Wednesday, November 12, 2008

don't call it a comeback



Q-Tip: I can't really decide whether this return of the Q is really something worth heralding, or is just the forces of nostalgia leaving their ripples. I was really more of a Public Enemy and De La Soul guy than I was an A Tribe Called Quest guy back then. Tribe always struck me as trying too hard, not having the substance of the aforementioned groups nor the crossover pop appeal of Arrested Development. This record is nice enough grooving in the background of the work day, but it's not-sucking does not a heralded triumph make.

Conor Oberst and The Mystic Valley Band, live at Washington, DC's 9:30 Club via NPR
I looooved Bright Eyes' Casadaga, I thought it was the runaway album of the year last year, and maybe I am the only person to believe this. There is a Madonna-like love-to-hate-him aura about Conor Oberst, but in my thinking, he is at least trying.

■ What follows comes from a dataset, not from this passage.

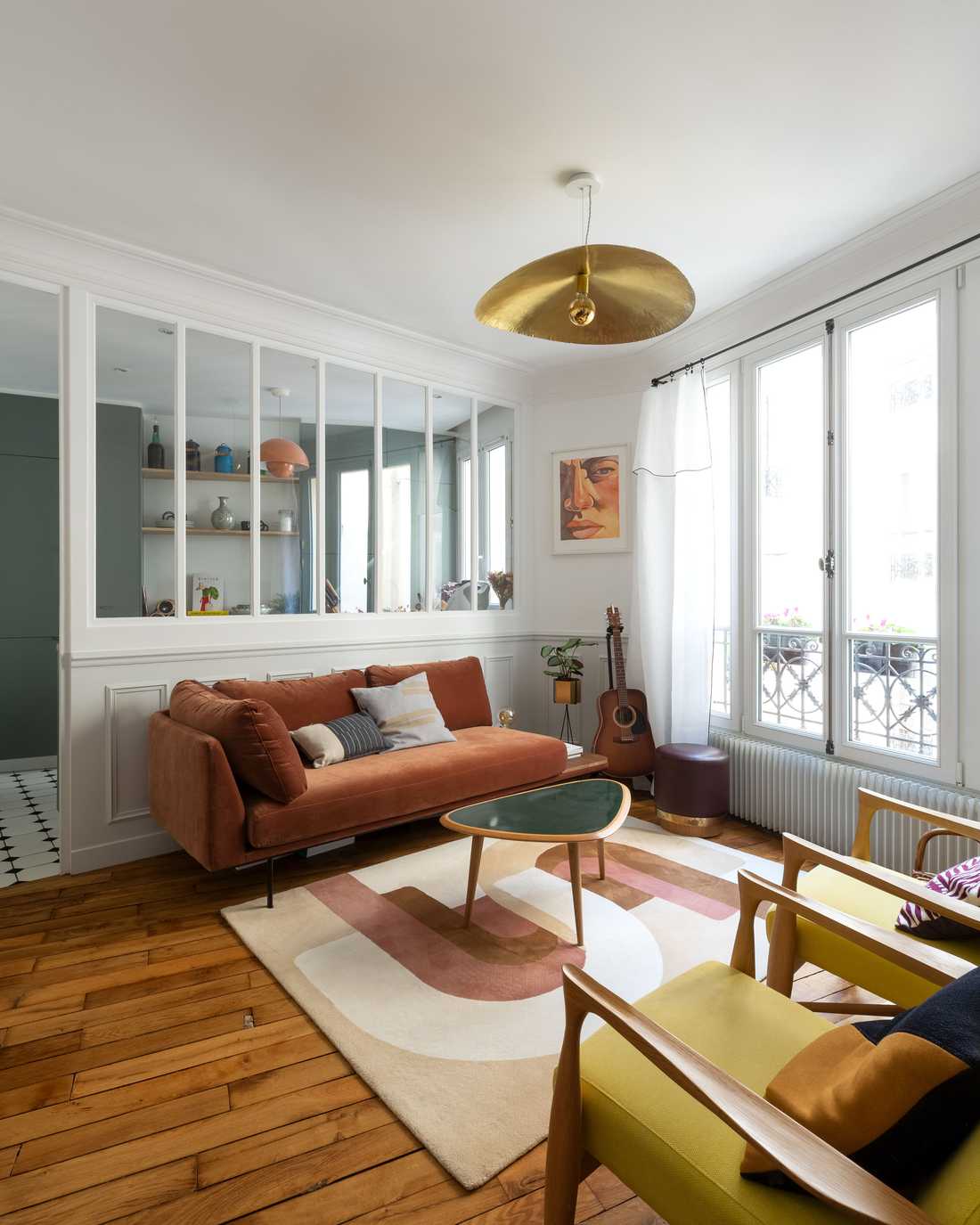 Relooking d'intérieur d'un salon avec verrière dans un appartement à Lille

Most groups sound liek they are operating on a random array of presets - when Oberst is is ripping off Dylan or The Band or the Dead or Springsteen, at least its a conscious, deliberate move. This live recording sounds like a million archived hippie rollings of thunder, in that it has that same sense of nurtures informality and amber glow of congeniality radiating from it. Conor maybe retreading sacred ground for some, byut for me I'm glad someone I like is keeping up the trails.

Juana Molina's music, I love without question. Tidy warm mixes of acoustic and technological strategies. Un Dia seems to be deeper into the machine than her other albums, but is still heavenly whispering. Like Animal Collective if they were and Argentiniean woman and had already been famous (Molia was a popular TV actress in Argentina) , like Bjork if things were dialed back a little.